Bis zum Sommer 2010 hatten Russland und der Heilige Stuhl keinen Botschafteraustausch. Russland gehörte damit zu dem letzten Zehntel der Staaten ohne volle diplomatische Beziehungen mit dem Vatikan - etwa China, Nordkorea, Tuvalu oder Saudi-Arabien. Zuvor bestanden zwischen Moskau und Rom lediglich diplomatische Arbeitskontakte, festgezurrt wenige Monate nach dem Fall des Eisernen Vorhangs vom damaligen Generalsekretär der Kommunistischen Partei, Michail Gorbatschow, persönlich. Geschlagene fünf Viertelstunden dauerte das Gespräch am 1. Dezember 1989 mit Johannes Paul II., ungewöhnlich lang selbst für Staatsbesuche.
Sensibles Verhältnis zwischen der katholischen und der russisch-orthodoxen Kirche
Hintergrund der zögerlichen diplomatischen Annäherung waren nicht nur ideologische Vorbehalte aus den Jahrzehnten seit der russischen Revolution, sondern auch das sensible Verhältnis zwischen der katholischen und der russisch-orthodoxen Kirche. So hatte Johannes Paul II. (1978-2005) seit dem Ende des Kommunismus immer wieder den Wunsch geäußert, nach Russland zu reisen; seine Überzeugung war, Europa müsse mit beiden Lungenflügeln der westlichen und östlichen christlichen Tradition atmen, um Erbe und Identität zu wahren. Das Moskauer Patriarchat - damals unter Alexij II. (1990-2008) - hielt einen Papstbesuch jedoch nicht für opportun.

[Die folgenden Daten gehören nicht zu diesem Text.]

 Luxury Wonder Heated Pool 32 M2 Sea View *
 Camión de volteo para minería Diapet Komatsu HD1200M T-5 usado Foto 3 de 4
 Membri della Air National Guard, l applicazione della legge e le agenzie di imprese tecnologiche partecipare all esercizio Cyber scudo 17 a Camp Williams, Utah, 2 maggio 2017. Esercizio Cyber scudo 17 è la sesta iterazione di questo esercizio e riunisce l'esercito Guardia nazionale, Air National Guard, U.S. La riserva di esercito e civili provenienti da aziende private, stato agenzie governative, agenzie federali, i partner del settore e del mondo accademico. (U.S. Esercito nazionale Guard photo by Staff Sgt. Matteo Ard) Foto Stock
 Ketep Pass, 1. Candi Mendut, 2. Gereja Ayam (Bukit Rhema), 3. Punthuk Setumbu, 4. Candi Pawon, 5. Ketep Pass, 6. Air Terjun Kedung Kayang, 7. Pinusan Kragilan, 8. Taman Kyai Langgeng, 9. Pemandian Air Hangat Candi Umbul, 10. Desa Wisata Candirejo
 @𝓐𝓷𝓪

Traditionell betrachtet die russisch-orthodoxe Kirche Russland als ihr Territorium und katholische Aktivitäten als Eingriff in ihre Zuständigkeit. Die Errichtung von vier katholischen Bistümern durch Johannes Paul II. im Jahr 2002 weckte neue Vorwürfe, der Vatikan betreibe eine Abwerbung orthodoxer Gläubiger, und setzte den ökumenischen Dialog einige Schritte zurück.

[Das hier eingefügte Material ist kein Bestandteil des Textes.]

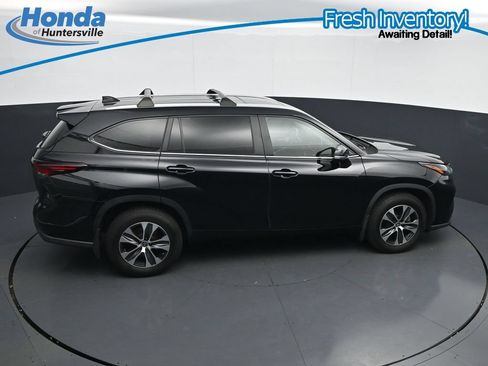 Used 2024 Toyota Highlander XLE AWD/4WD image 27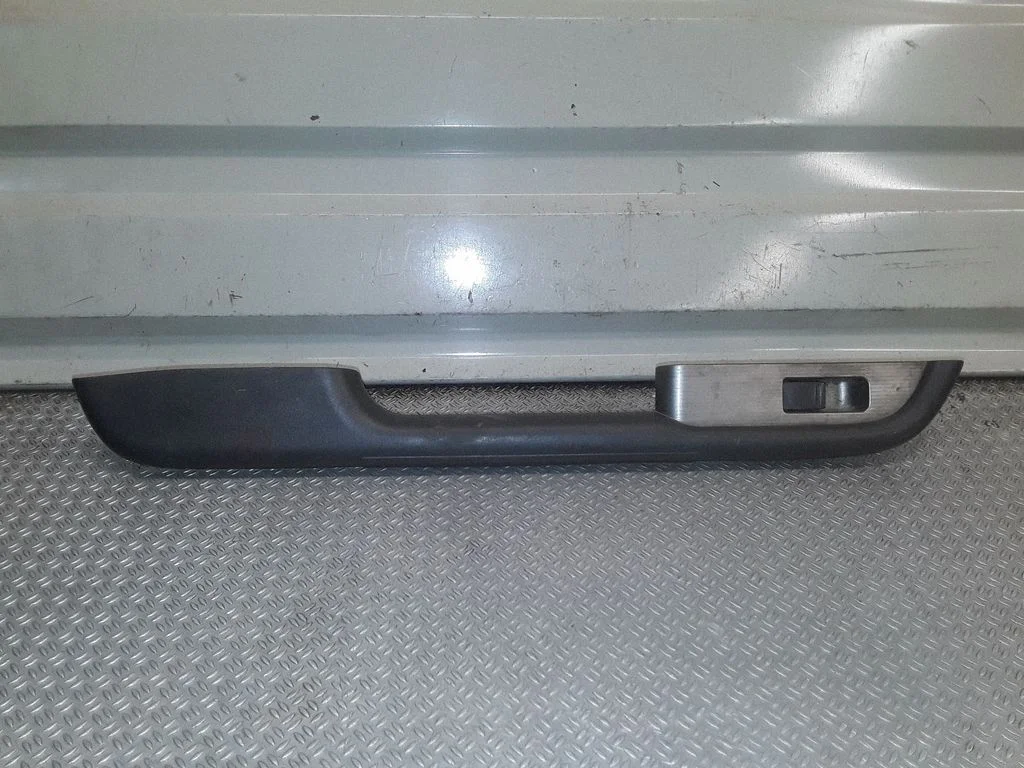 Rear door handle trim 829498H300X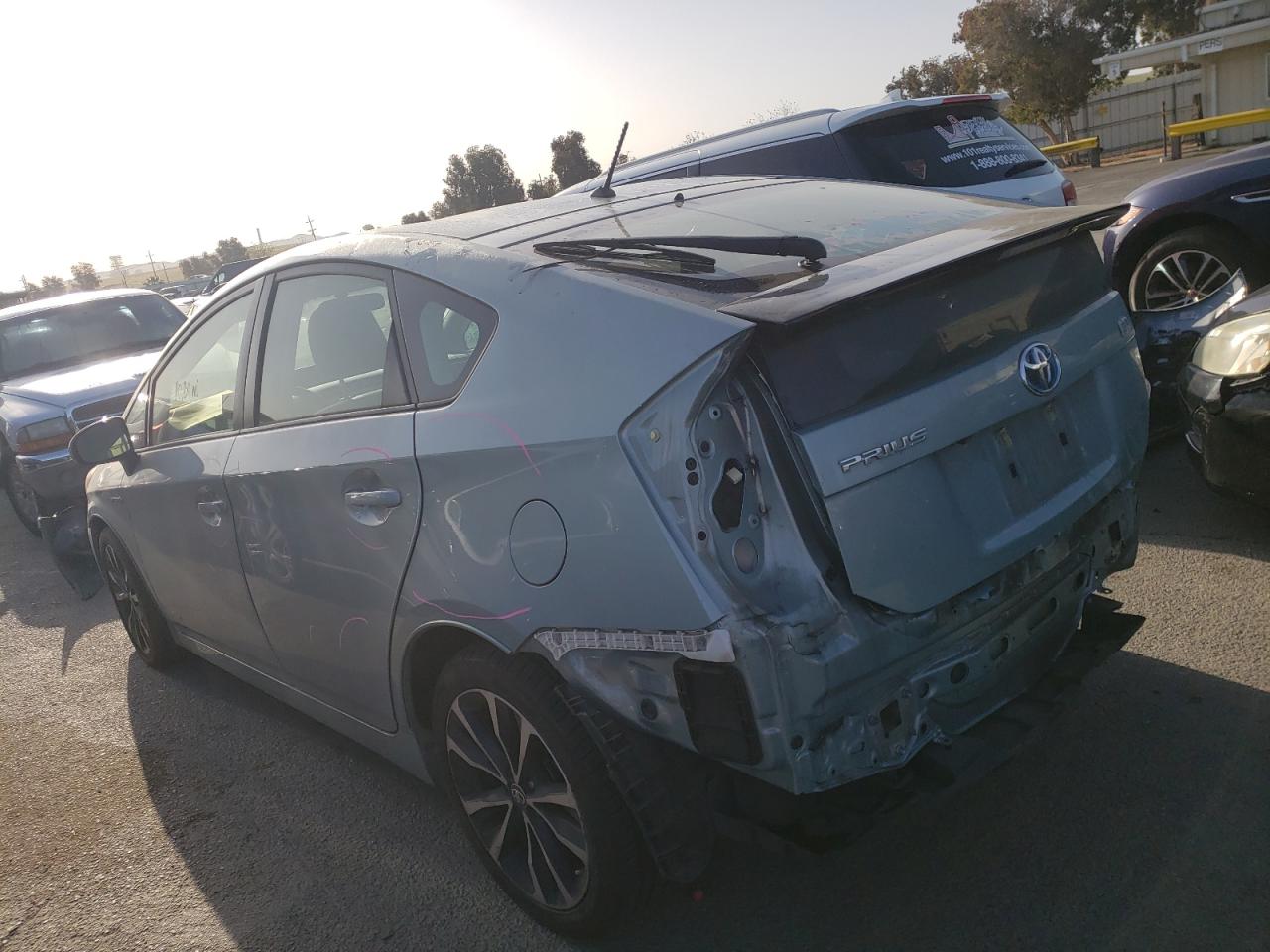 Photo 3 from auction – 2015 TOYOTA PRIUS with VIN JTDKN3DU7F1973355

Die Orthodoxie beschreibt das Verhältnis von Staat und Kirche mit dem Bild von Leib und Seele. Und sie hat Einfluss auf des Leibes Glieder, das Volk. Als Dimitri Medwedew im Dezember 2009 mit dem Angebot nach Rom reiste, die diplomatischen Beziehungen zum Vatikan auszuweiten, geschah das wohl nicht ohne Segen des Moskauer Patriarchats. Als Putin im März 2007 mit Benedikt XVI. zusammentraf, begleitete ihn entgegen früherer Spekulationen kein Vertreter des Patriarchats. Es gehe um eine politische, keine ökumenische Begegnung, hieß es. Moskaus Kirchenleitung zieht auch im weltlichen Spiel behutsam die Fäden.

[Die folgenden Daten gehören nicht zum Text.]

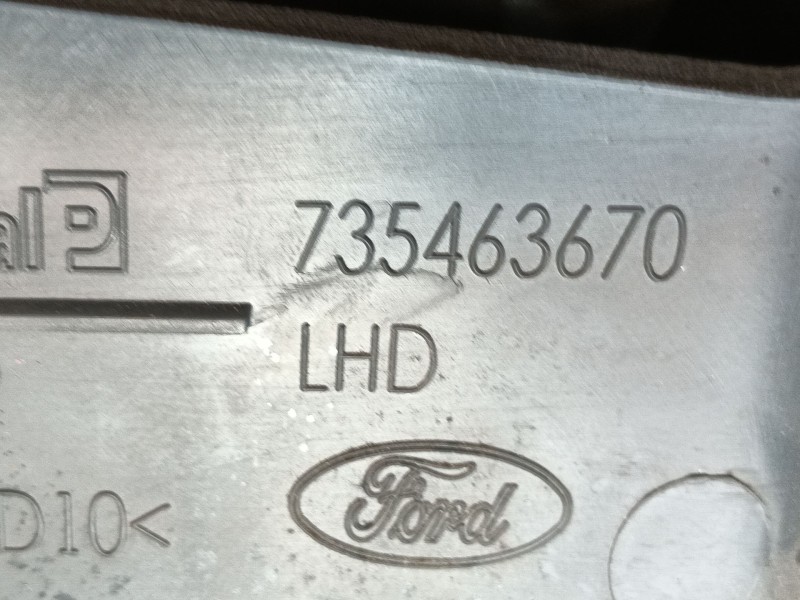 Recambio de guantera para ford ka (ru8) 1.2 referencia OEM IAM 1568258 735463670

Diskussion über das Verständnis der Menschenrechte
Nach der Wahl von Papst Franziskus gratulierte Putin: "Ich bin überzeugt, dass sich die konstruktive Zusammenarbeit zwischen Russland und dem Vatikan auf der Grundlage der uns verbindenden christlichen Werte erfolgreich fortsetzen wird", schrieb er an das Katholikenoberhaupt. Als verbindende Werte gelten im ökumenischen Gespräch der Schutz der traditionellen Familie und der Menschenwürde, Sexualethik und soziale Gerechtigkeit. Über das Verständnis der Menschenrechte wird seit geraumer Zeit diskutiert.
So delikat die Kontakte sind, sie währen lang: Schon mitten im Kalten Krieg, 1967, begab sich Nikolai Podgorny als erster russischer Präsident zur Papst-Audienz. Faktisch war er zwar nur der verlängerte Arm vom Chef der Kommunistischen Partei, Leonid Breschnew, aber immerhin doch formelles Oberhaupt der UdSSR. Die Unterredung mit Paul VI. kreiste um den Vietnamkrieg. Beide Seiten sorgten sich um eine Eskalation des US-amerikanischen Kriegseinsatzes. 2013 sind die geopolitischen Verhältnisse anders. Aber Russland und der Heilige Stuhl wissen auch um Gemeinsamkeiten, was ihre Vorbehalte gegen ein militärisches Eingreifen in Syrien angeht.